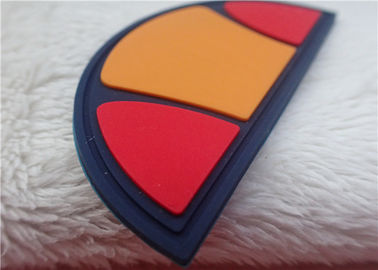 Remiendos de goma del logotipo del semicírculo múltiple del color para la decoración del bolso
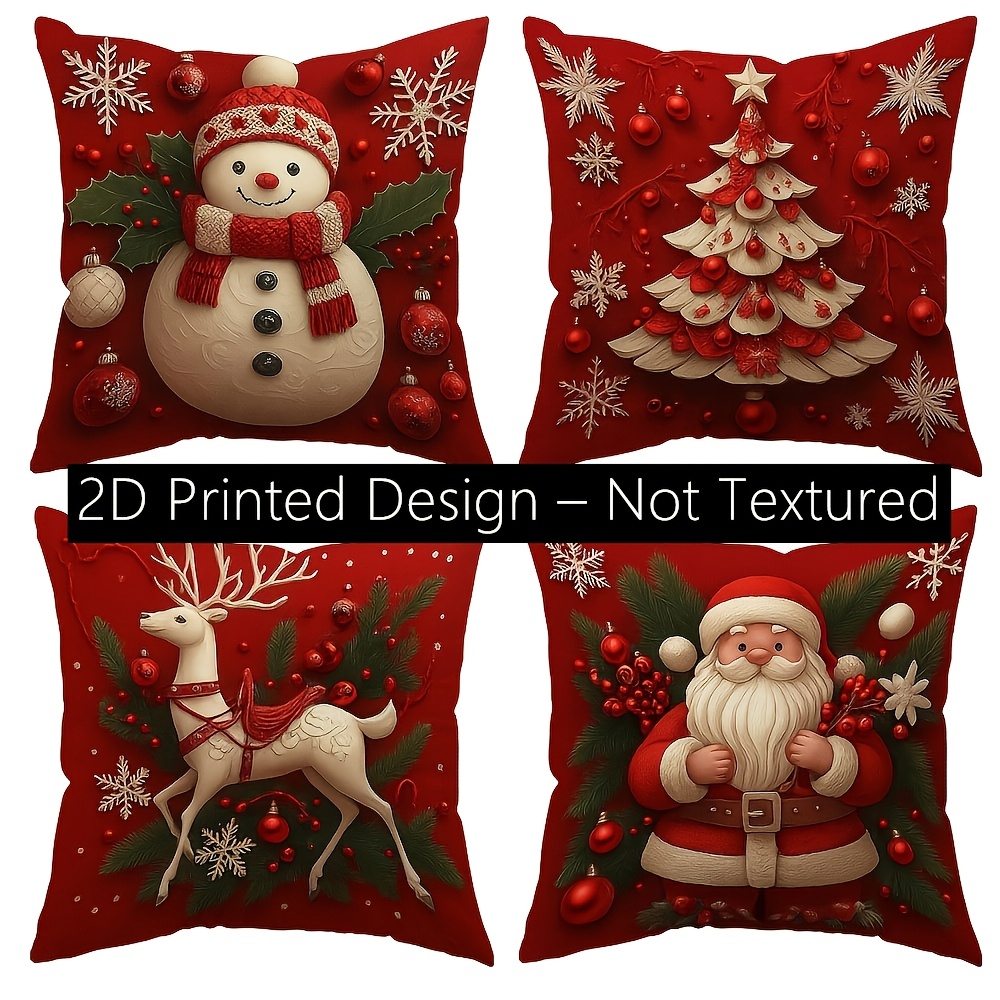 2 Stück Weihnachts-Kissenbezüg – Pillow Insert 18X18 Bewertung und Preis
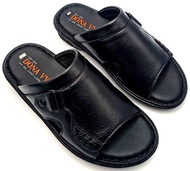 Dép quai ngang nam da bò thật 100% NDK cao cấp_thiết kế in vân nổi đầy trẻ trung năng động D.3OV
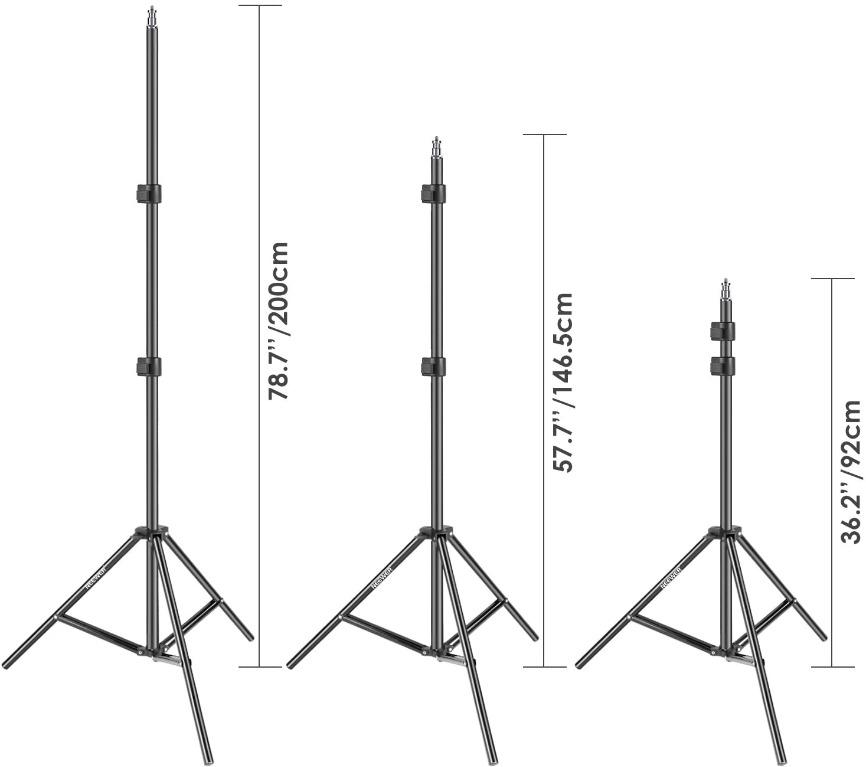 Neewer Photography Bicolor Dimmable LED Softbox Lighting Kit20x27 inches Studio Softbox, 45W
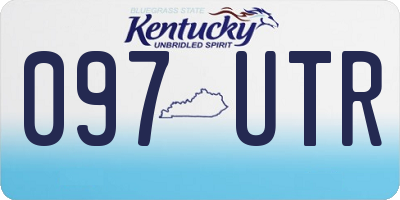 KY license plate 097UTR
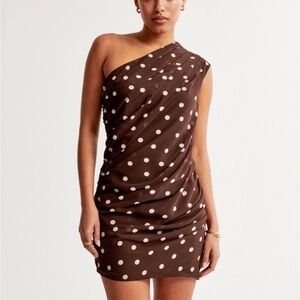 A&F Brown and White Polka Dot Dress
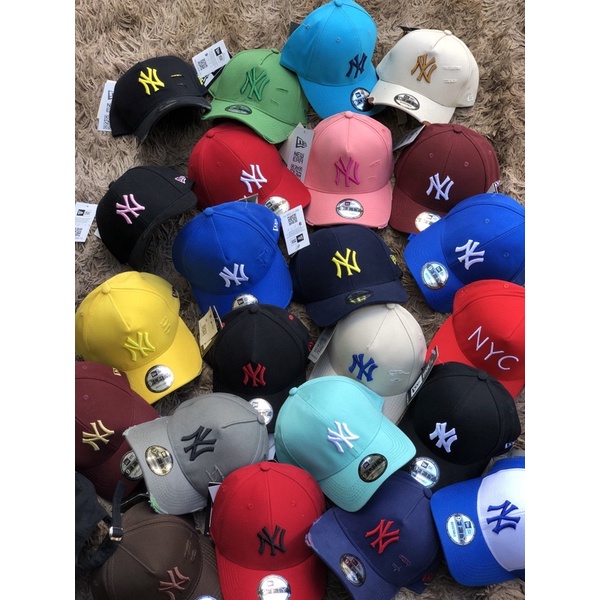 Kit 10 Bonés Premium Atacado Revenda Aba Curva New York Yankes ENVIO IMEDIATO (TEMOS TODAS CORES)es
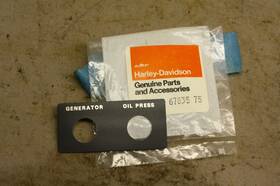 67835-75 Hd Harley Xl Sportster Headlight Trim Generator Oil Pressure Nos Oem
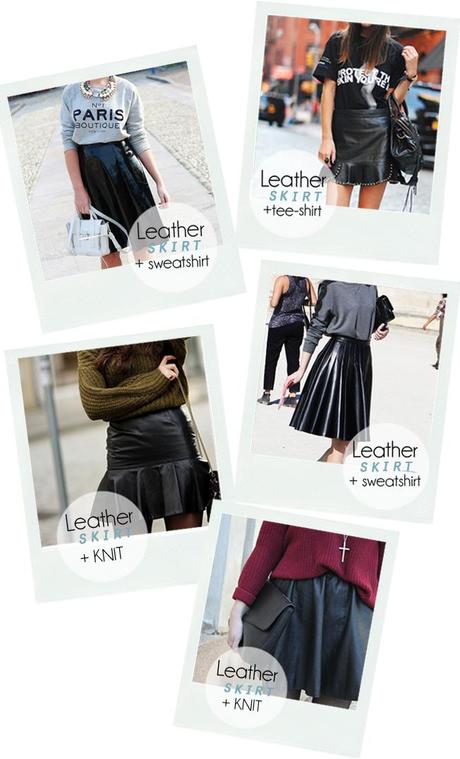 Get the look *LEATHER SKIRT***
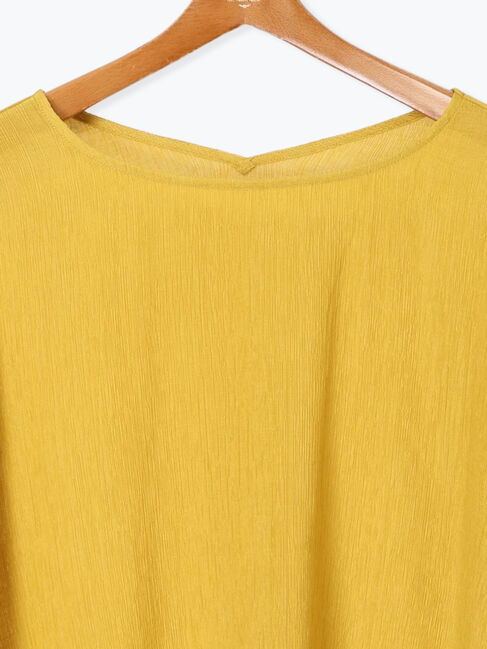 Lugnoncure「楊柳袖シャーリングブラウス」|シャツ・ブラウス|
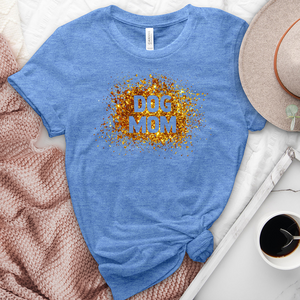 Gold Dog Mom Heathered Tee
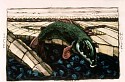 David Krueger, Untitled
1988, oil, charcoal, rhoplex, rubber, colored pencil on paper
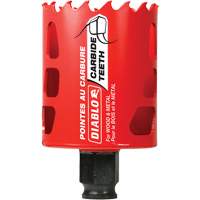 Scie cloche pour bois et m&eacute;tal, 2-1/8", Profondeur de la coupe 2-3/8", Carbure Les Distributions ICE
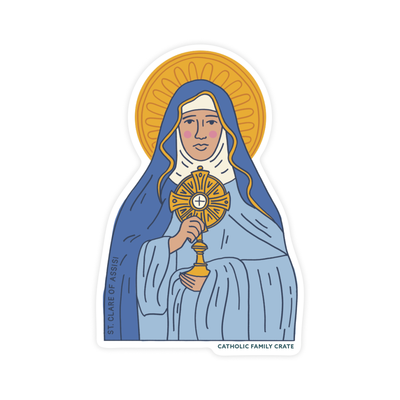 Saint Clare of Assisi Sticker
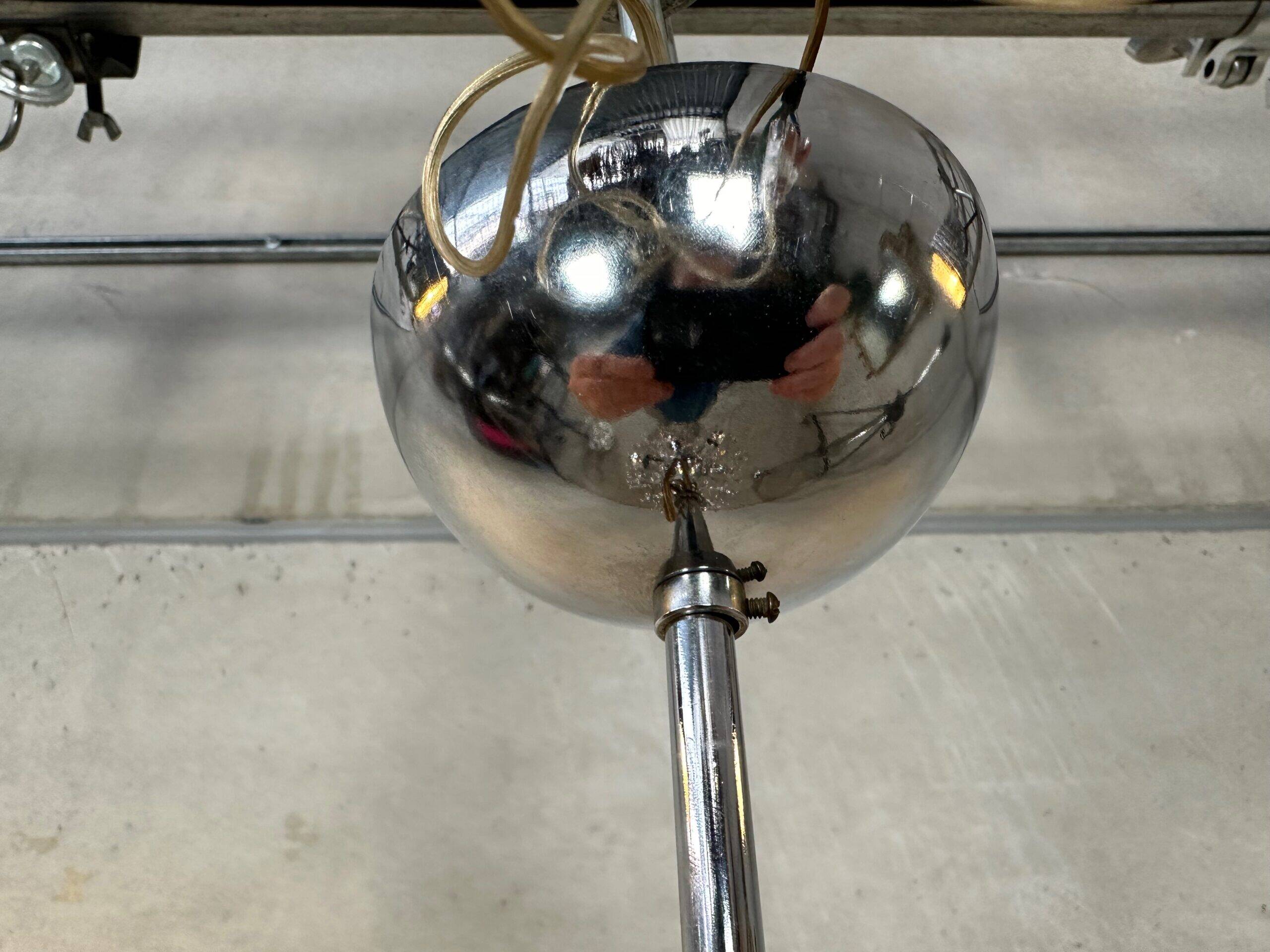 2x vintage Sputnik 'Dandelion' pendant lamp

Your objective:
Every line above should be repeated exactly; pictures stay out of the copy.

Answer box:
 Remiendos de goma del logotipo del semicírculo múltiple del color para la decoración del bolso
 2 Stück Weihnachts-Kissenbezüg – Pillow Insert 18X18 Bewertung und Preis
 Dép quai ngang nam da bò thật 100% NDK cao cấp_thiết kế in vân nổi đầy trẻ trung năng động D.3OV
 Neewer Photography Bicolor Dimmable LED Softbox Lighting Kit20x27 inches Studio Softbox, 45W
 KY license plate 097UTR
 A&F Brown and White Polka Dot Dress
 Kit 10 Bonés Premium Atacado Revenda Aba Curva New York Yankes ENVIO IMEDIATO (TEMOS TODAS CORES)es
 67835-75 Hd Harley Xl Sportster Headlight Trim Generator Oil Pressure Nos Oem
 Get the look *LEATHER SKIRT***
 Lugnoncure「楊柳袖シャーリングブラウス」|シャツ・ブラウス|
 Gold Dog Mom Heathered Tee
 David Krueger, Untitled
1988, oil, charcoal, rhoplex, rubber, colored pencil on paper
 Scie cloche pour bois et m&eacute;tal, 2-1/8", Profondeur de la coupe 2-3/8", Carbure Les Distributions ICE
 Saint Clare of Assisi Sticker
 2x vintage Sputnik 'Dandelion' pendant lamp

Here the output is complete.